Smart shoes

Posted in: Comment, News and Updates

I heard a bloke on BBC Radio 4 say that, in 10 years, you won't be able to buy a pair of shoes that don't have an IP address.  Smart in more senses than one, then.

I suppose the advantage of this is that you will never again lose that flash pair of trainers, and that you might be able to use your shoe as a phone to connect to your smart meter and turn off the fridge. What a prospect.  A boon for parents, perhaps, who will know where their children are and whether they really are doing all that exercise they promised.

I thought about this as I listened to John Loughhead at Bath the other week talk about UK energy and industrial strategy from his vantage point as Chief Scientist at the new Department of Business, Energy and Industrial Strategy [BEIS] – pronounced "baize", apparently.  Loughhead was surprisingly up-beat about about international collaboration and said that the UK would be making a big announcement at COP22 in Marrakech.  If we did, it got drowned out by trumpeting about Trumpism.  He was positive about battery storage, carbon capture, small modular nuclear reactors that you could order from IKEA (well, sort of), and smart metres.  A new role for chief scientists, I thought: being sent out of London to enthuse for your country.

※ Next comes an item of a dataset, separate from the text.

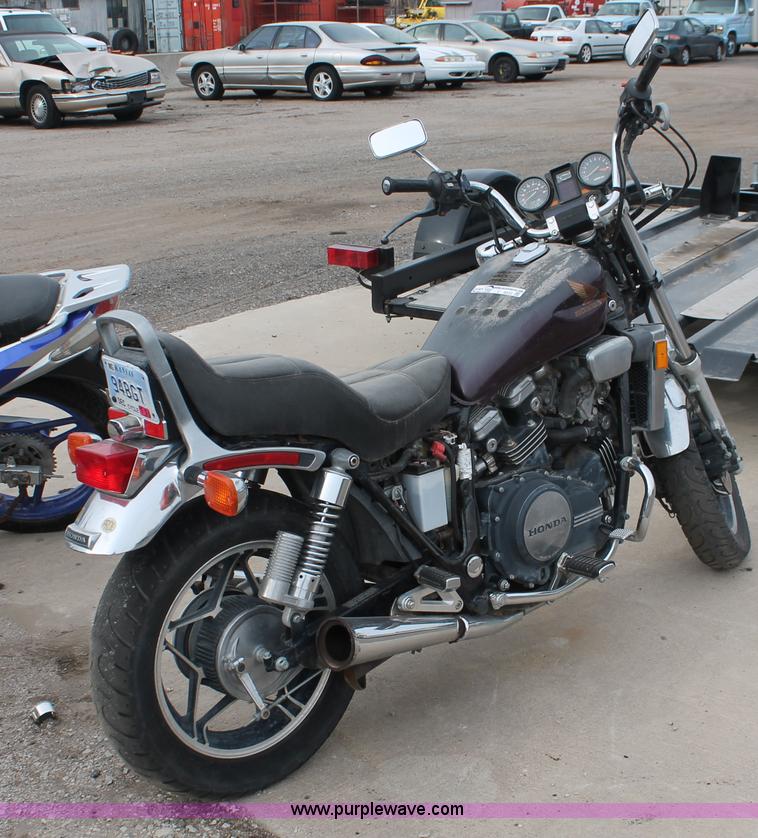 image for item V9223 1982 Honda VF750C motorcycle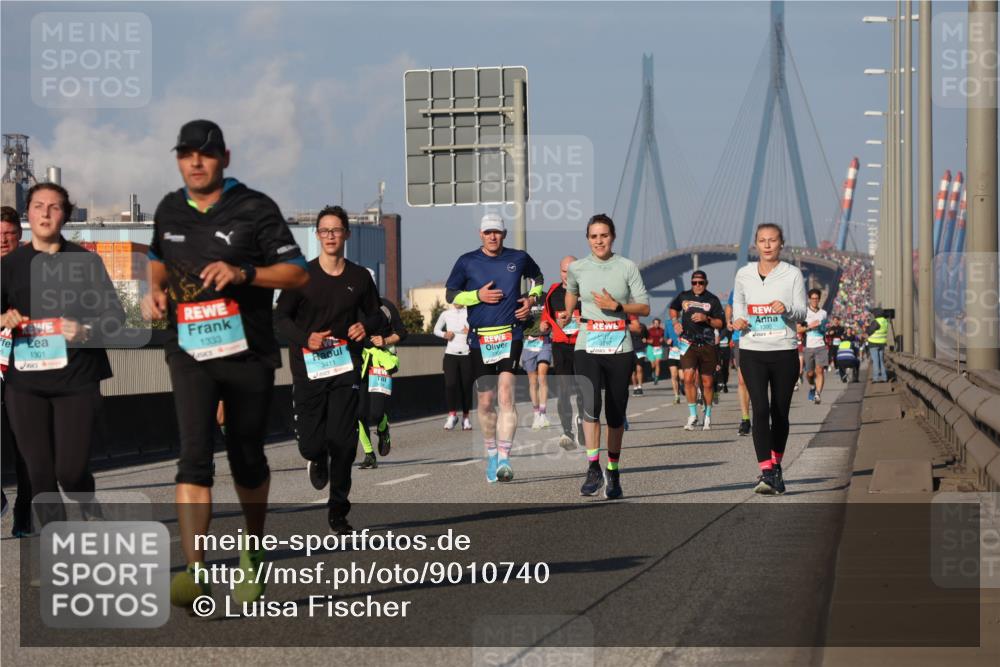 03.10.2025 - Köhlbrandbrückenlauf Luisa Fischer http://msf.ph/oto/9010740 03.10.2025 10:52:52 Position 3 1301, 1333, 3411, 3797 meine-sportfotos.de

Mind you, I'm still waiting to hear what the UK's big idea was – some 2 weeks after the event.  Of course, there were few fireworks at Marrakech, just a lot of promises from a lot of countries about what they'll be doing (and not doing) in relation to emissions.  It looked like very necessary tedium.  Over-shadowing it all was what President-elect Trump has said about climate change.  However, given that he seems to have taken up every possible stance, perhaps we should just wait to see and not worry overmuch in the meanwhile.  Apart from the money, that is.  Maybe we should worry about the money as many of the promises that economically developing countries are making are contingent on a flow of cash from rich countries to ease the transition – some $100bn a year, I think.  Much of that was set to come from the USA, and turning off a money spigot may well prove much easier than, for example, building a wall.